Peeace teamed up with his co-chair Jennifer Ward, and the pair gathered other Indigenous chiropractors from across the country and together they formed the caucus. The goal is to be a support network to assist clients seeking services as well as mentor those interested in entering the field.

They have signed a Memorandum of Understanding (MOU) with the CCA.

“When I started practicing in Saskatchewan, I was the first and only Indigenous chiropractor in the province,” said Peeace. “That was the case for a number of years.”

He began practicing after graduating in 1996 from the Western States Chiropractic College located in Portland Ore.

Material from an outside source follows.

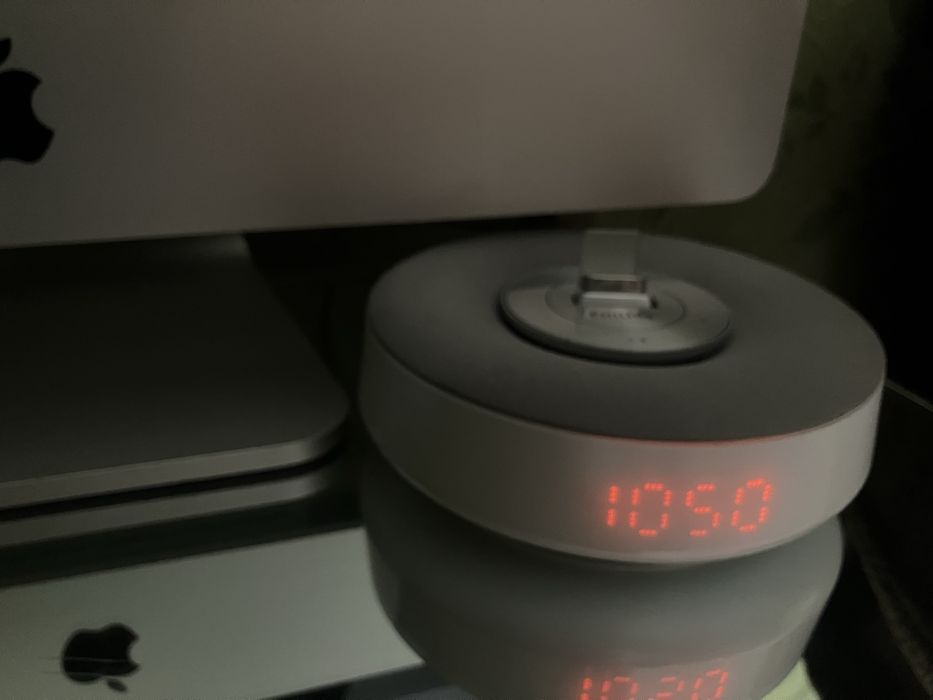 Philips Fidelio DS1100 \ акустика-нічник-док станція iPod/iPad/iPhone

Despite there being about 9,000 chiropractors in the country, there are few chiropractic services in rural areas, which means very limited exposure to the profession, said Peeace.

“Without exposure or knowledge of it, it’s difficult to think of wanting to get into that profession,” he said.

The CIC is working to establish connections with Indigenous representation in each province, including the FSIN in Saskatchewan, to improve the lives of Indigenous people.

Its also working with the CCA to lobby the federal government for increased coverage of chiropractic services. The Non-Insured Health Benefits plan stopped covering chiropractic services for Indigenous people several years ago.

Peeace said without medical alternatives in rural areas means people will turn to family physicians, over-the-counter anti-inflammatory medication, and prescription drugs to alleviate discomfort and pain.

“That’s what we’re finding this to be part of the problem, as we’re looking at the opioid crisis,” said Peeace.

“A lot of people that suffer from opioid addictions was initially from pain,” he said. “What we offer is non-pharmaceutical base care, so we can help them not get to the point where they have chronic pain and need stronger medication to help.”

According to Peeace, people who see chiropractors for pain are 50-to-70 per cent less likely to get into opioids.

This desire to help the Indigenous community is what initially inspired him to get into medicine. Peeace grew up with grandparents who had health challenges and wanted to do his part to help.

After hurting his back tree-planting, he visited a chiropractor and was impressed on the care he received, and how it incorporated elements of traditional healing.

Nearly 30 years into the profession, Peeace is still passionate about making Indigenous lives better.

“I still enjoy helping people achieve the goals they want – not just being out of pain, but a grandparent who wants to be able to play with a grandchild, or someone who still wants to play a sport,” said Peeace.

“I just hope we are able to reach out and connect with more people, more Indigenous communities. For me, that change is very important.”